The building is about a mile from the central business district of Detroit — and within walking distance of new housing that’s being built or redeveloped in and around Corktown.

“Our young people love … living and working in urban areas,” said Bill Ford Jr., executive chairman of the company and great-grandson of founder Henry Ford. “For me, it was a no-brainer. And also, it’s still a pretty good deal to be in downtown Detroit.”

Ford Land Development Co., the real estate arm of the automaker, purchased The Factory at Corktown building from former IndyCar driver Robbie Buhl and his brother, Tom, for an undisclosed price.

The company has secured parking for employees in a vacant lot across Michigan Avenue that will accommodate the 200-plus employees, Marakby said.

Staying close to home

Marakby said “a good portion” of the employees who will work in Corktown already live in the greater downtown area.

The owner of a wine bar next door to The Factory is hoping that’s the case.

“My only hope is that they’re not the type of people who get in their car and go right back home to the suburbs,” said David Armin-Parcells, owner of MotorCity Wine, which has operated a wine bar and shop at 1949 Michigan Ave. since 2013.

The Buhl brothers’ race team and motorsports marketing company, Buhl Sport Detroit, will remain headquartered in a smaller two-story annex building at the corner of Michigan Avenue and Rosa Parks Boulevard.

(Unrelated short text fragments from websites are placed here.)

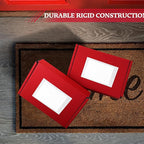 Spakon 50 Packs Shipping Boxes Cardboard Corrugated Mailer Packaging Boxes for Small Business Cute Small Box Cardboard Carton Box Mailers for Packaging Product(Red,9 x 6 x 2.36 Inches)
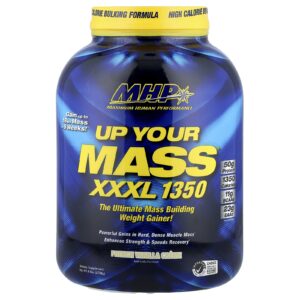 MHP Up Your Mass® XXXL 1350 Creme de Baunilha Francês 2.728 g (6 lb)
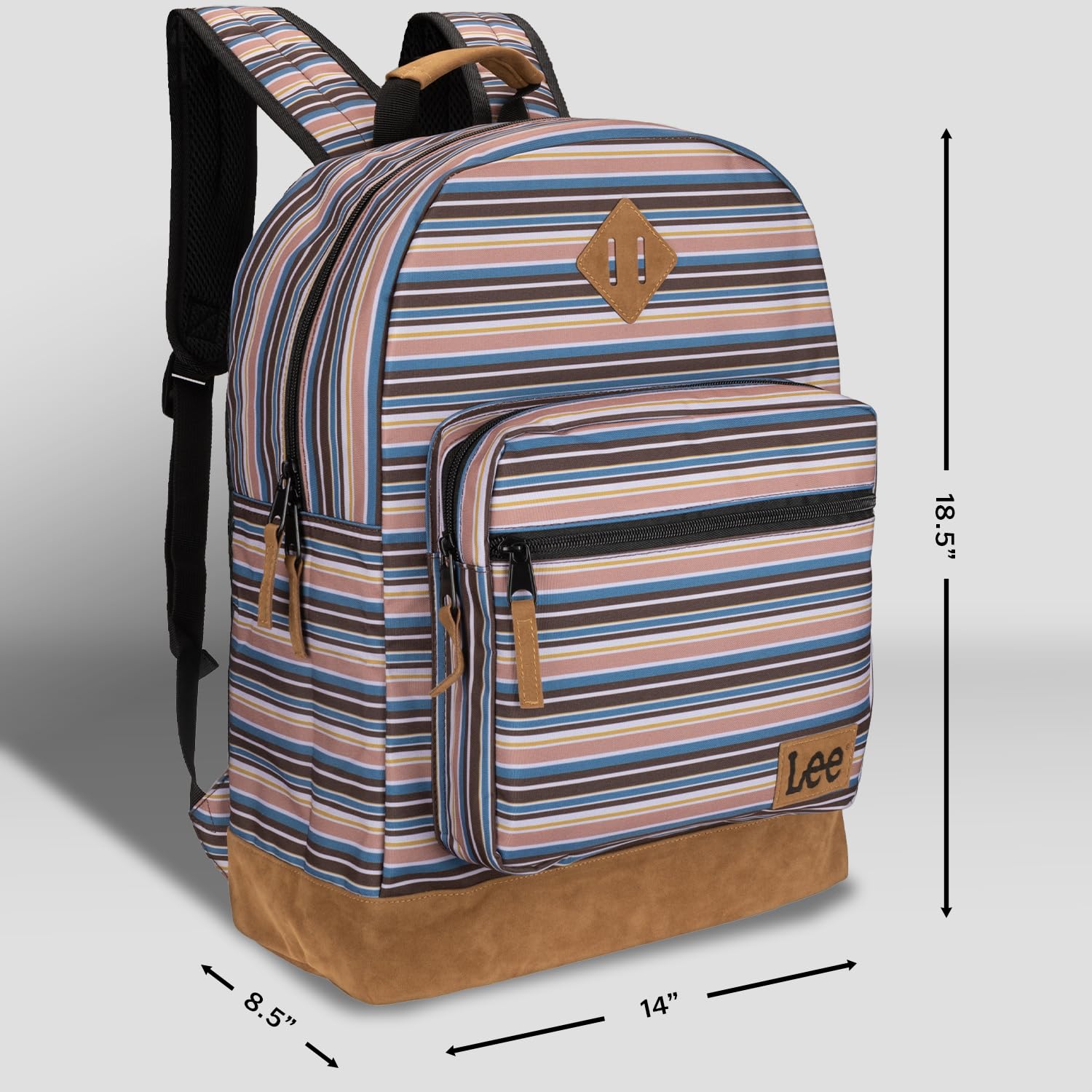 Foto 3 | Mochila Lee Authentic Jeans Company Study para Portátil de 15,6 Pulgadas - Venta Internacional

“Obviously, we’re excited that Ford’s coming back to Detroit and Corktown,” Robbie Buhl said in an interview. “It just made more sense, with what their interest was, to sell them the building.”

The Buhls, who bought the building in 2015 for $1.8 million through an entity called Riverfront Partnership I LLC, also will continue to share rented space with Brothers Tuning Detroit, which produces after-market gear shift knobs for the Ford Focus and Fiesta cars.

The Buhls rehabilitated the building over the past three years and were using the third floor for special events until Ford executives expressed interest in the building a few months ago.

“Everything just came together, and it happened very fast — it happened in weeks,” Marakby said.

Ford announced its acquisition in mid-December.

“Three years ago, would I ever have thought this was something that would have transpired?” Robbie Buhl said. “No way.”